Presented at the American Academy of Child & Adolescent Psychiatry (AACAP) annual meeting, New York, October 26-31, 2010

Paula D. Riggs, MD (University of Colorado, OV Node).

This presentation provides an overview of the design and main findings of protocol CTN-0028, which evaluated the efficacy of osmotic-release methylphenidate (OROS-MPH, sold under the brand name Concerta), relative to placebo, in treating co-occurring attention deficit hyperactivity disorder (ADHD) and substance use in adolescents. Both groups experienced clinically and statistically significant reductions in ADHD symptoms and (past-28-days) drug use, but there was no significant difference between the two groups. OROS-MPH appears to be safe and well-tolerated, but the similar reduction in ADHD symptoms between the OROS-MPH and placebo groups suggests that cognitive behavioral therapy (CBT), which was given to both groups, may have been the primary contributing factor. The presentation continues by examining emerging research on the use of CBT to treat ADHD, and then presents secondary objectives of the protocol, including an examination of depression, marijuana, and cigarette smoking in the study population. (Presentation, PowerPoint slides, English, 2010)

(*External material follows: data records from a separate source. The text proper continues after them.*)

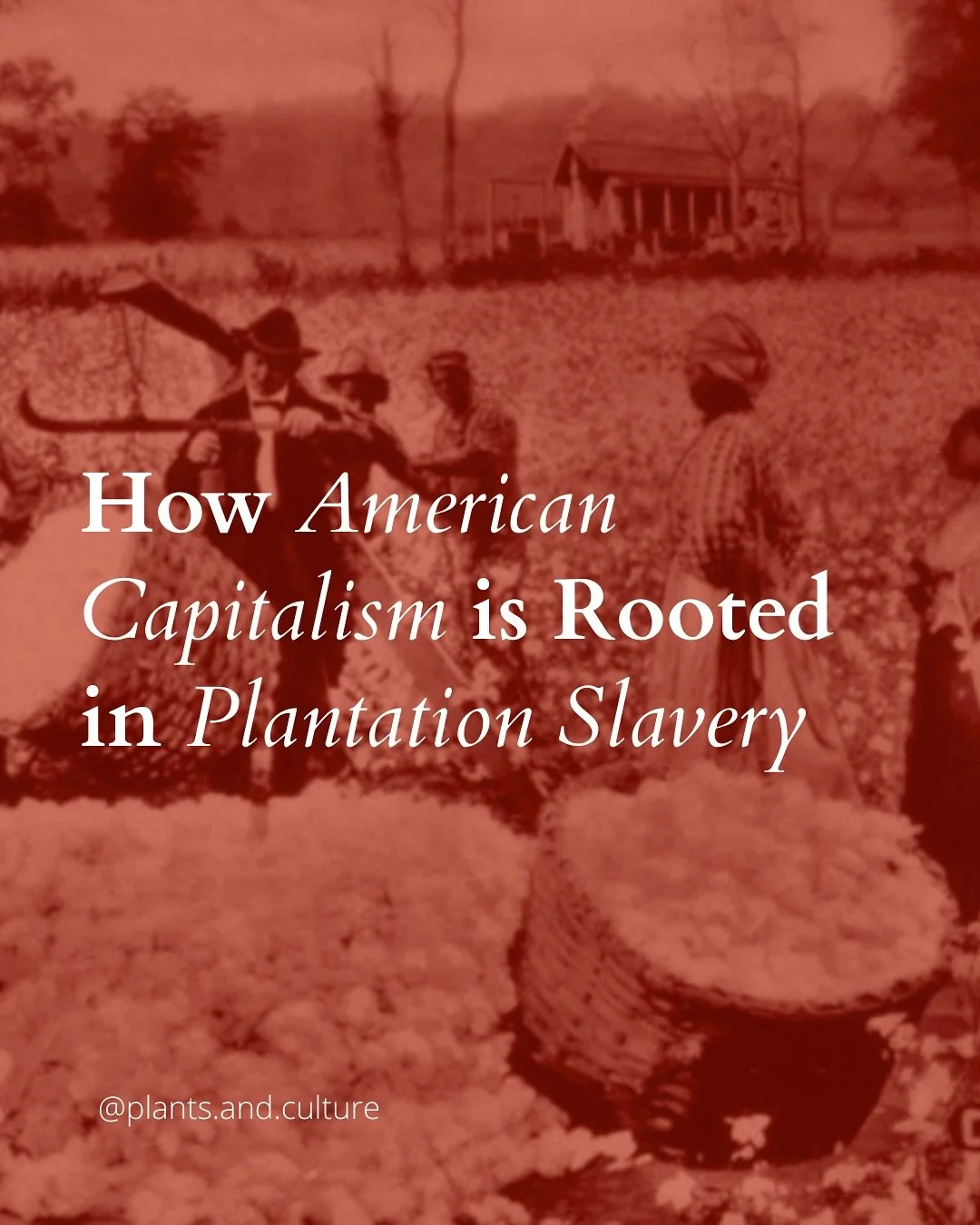In order to understand today&rsquo;s persistent inequalities, we must recognize and reconcile how deeply sl@very&rsquo;s legacy is woven into the nation&rsquo;s very economic fabric.

#ushistory #cotton #plants #plantsofinstagram #plantsplantsplants 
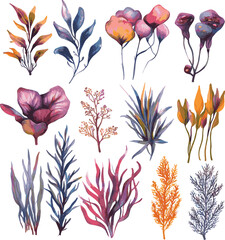 vector set of sea plants, water plants illustration on white	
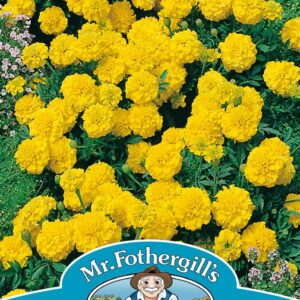 Marigold French Yellow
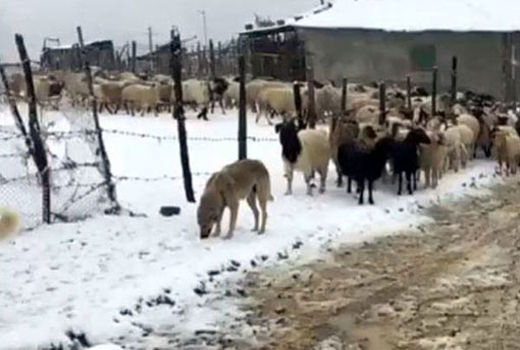 توصیه‌های مدیر کل دامپزشکی استان به روستائیان و دامدارن مناطق زلزله‌زده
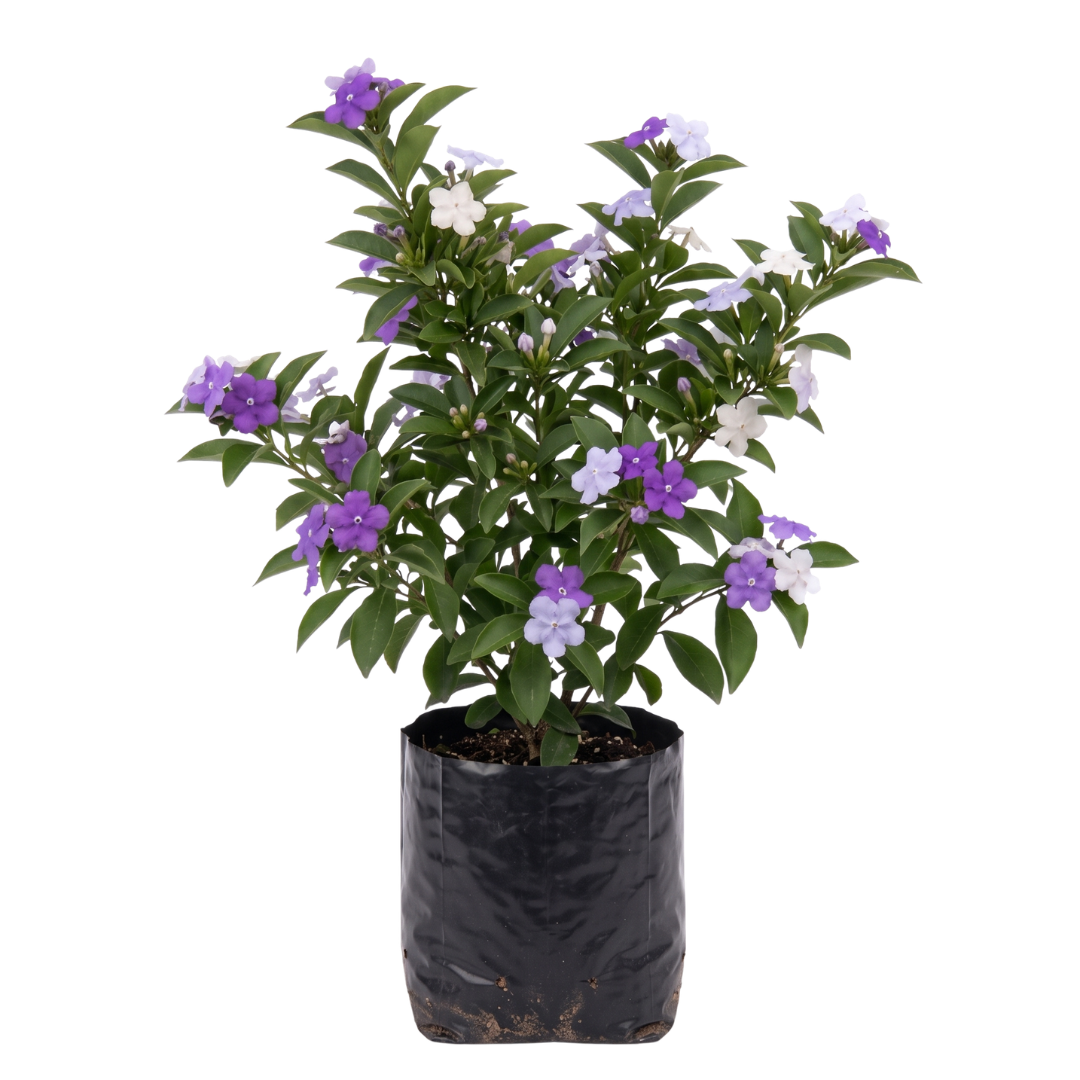 Jazmín lavanda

Keywords: Adolescents | Attention Deficit Hyperactivity Disorder (ADHD) | Community health services | Concerta | Co-occurring disorders | Osmotic-Release Methylphenidate (OROS-MPH) | American Academy of Child & Adolescent Psychiatry (AACAP) annual meeting, 2010

Document No: 560

Submitted by Paula Riggs, MD, University of Colorado, OV Node, 11/23/2010.